What you are asked to do: Pictures stay out. Everything else in the listing below gets written out exactly.

BEGIN Data records

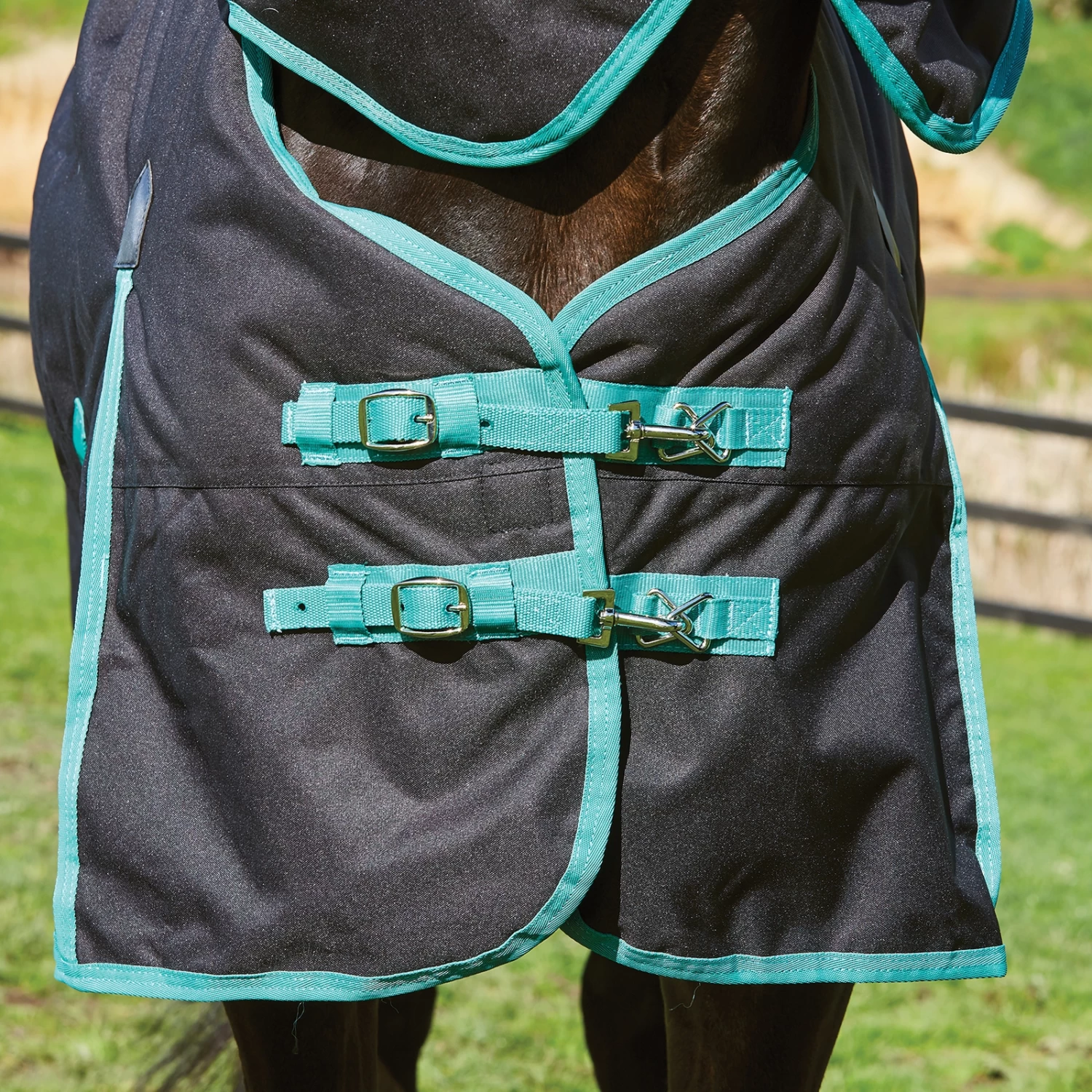 Weatherbeeta Green-Tec Regendecke Mit Abnehmbarem Halsteil, 50g – Bild 3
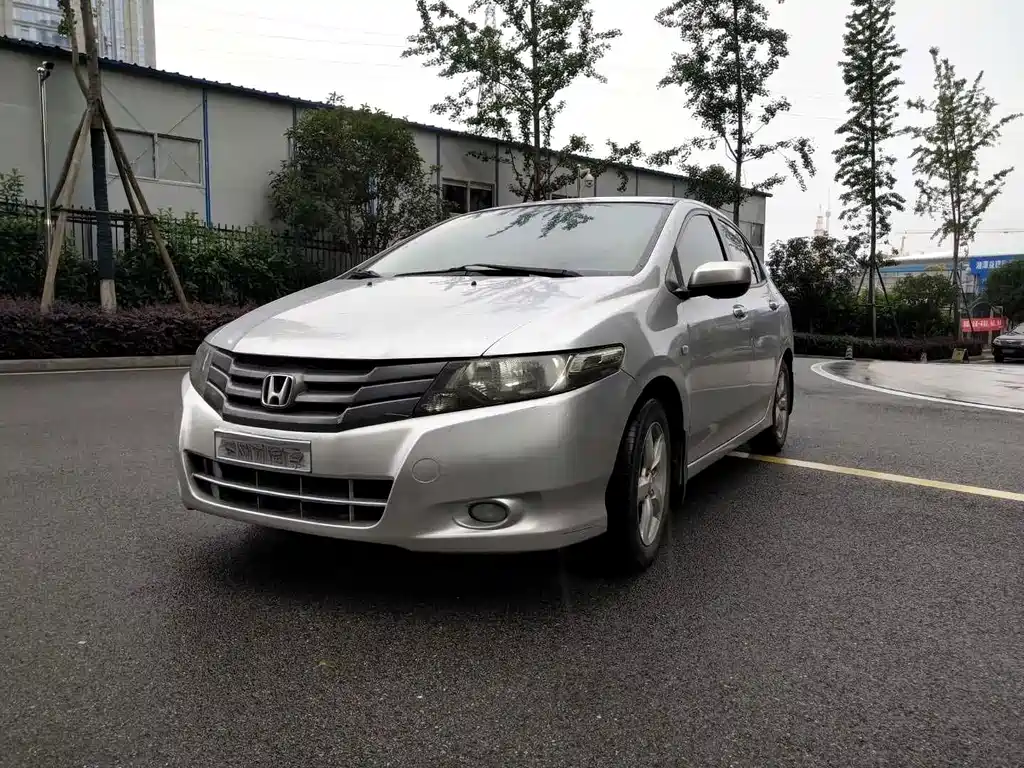 Honda City Classic 2011 — фото 1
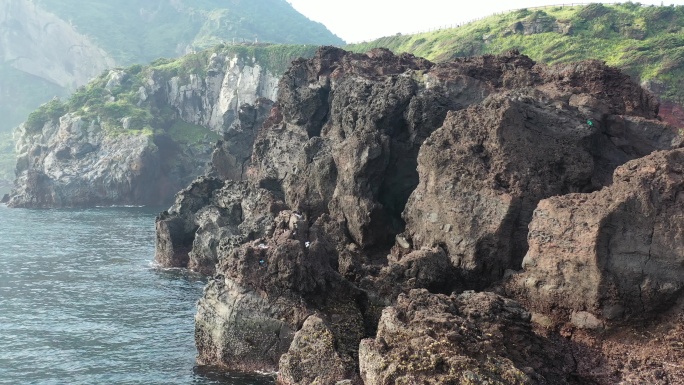 4K原素材-航拍蓝色大海岸边的礁石海浪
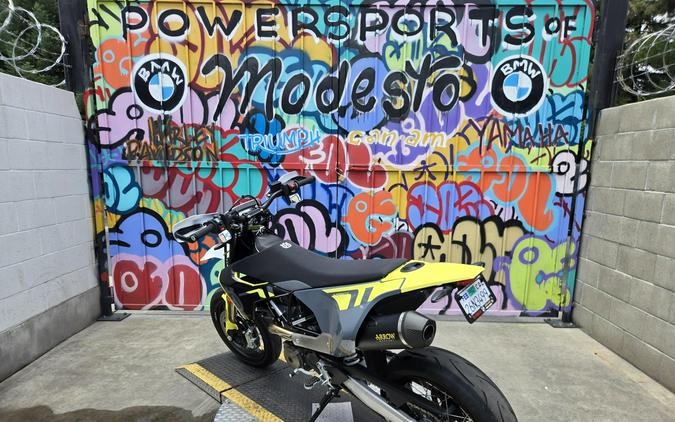 2024 HUSQVARNA 701 SUPERMOTO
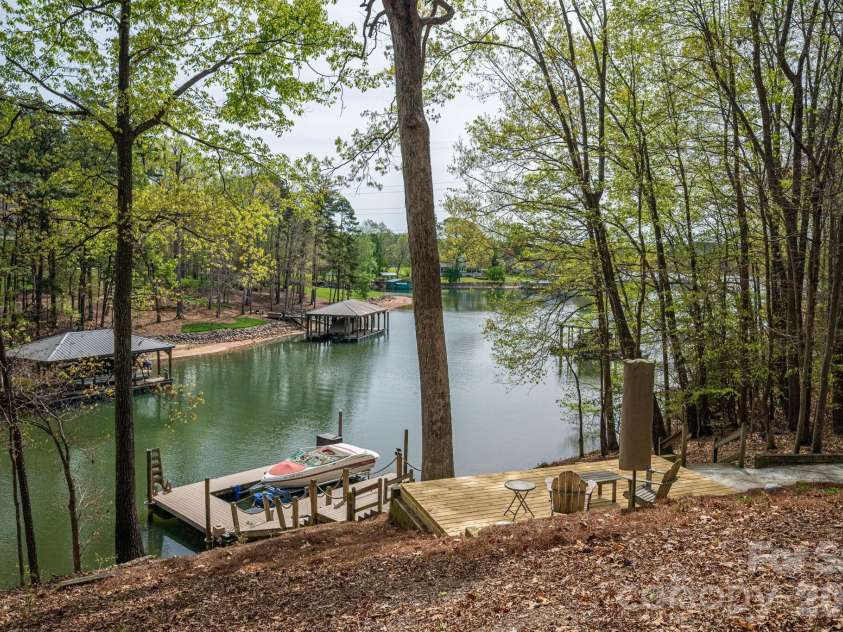 123 Honeydew Circle, Troutman, NC 28166.  MLS# CAR4372169, YatesRealty ID 22086. 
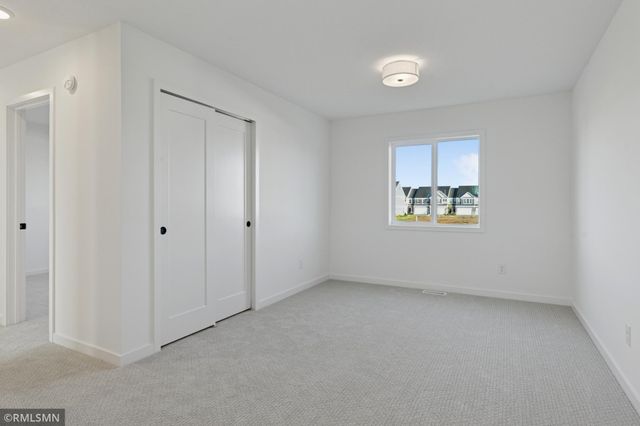 10157 Blackmoor Road, Woodbury, MN 55129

END Data records

Response below:
 Weatherbeeta Green-Tec Regendecke Mit Abnehmbarem Halsteil, 50g – Bild 3
 Honda City Classic 2011 — фото 1
 4K原素材-航拍蓝色大海岸边的礁石海浪
 2024 HUSQVARNA 701 SUPERMOTO
 123 Honeydew Circle, Troutman, NC 28166.  MLS# CAR4372169, YatesRealty ID 22086. 
 10157 Blackmoor Road, Woodbury, MN 55129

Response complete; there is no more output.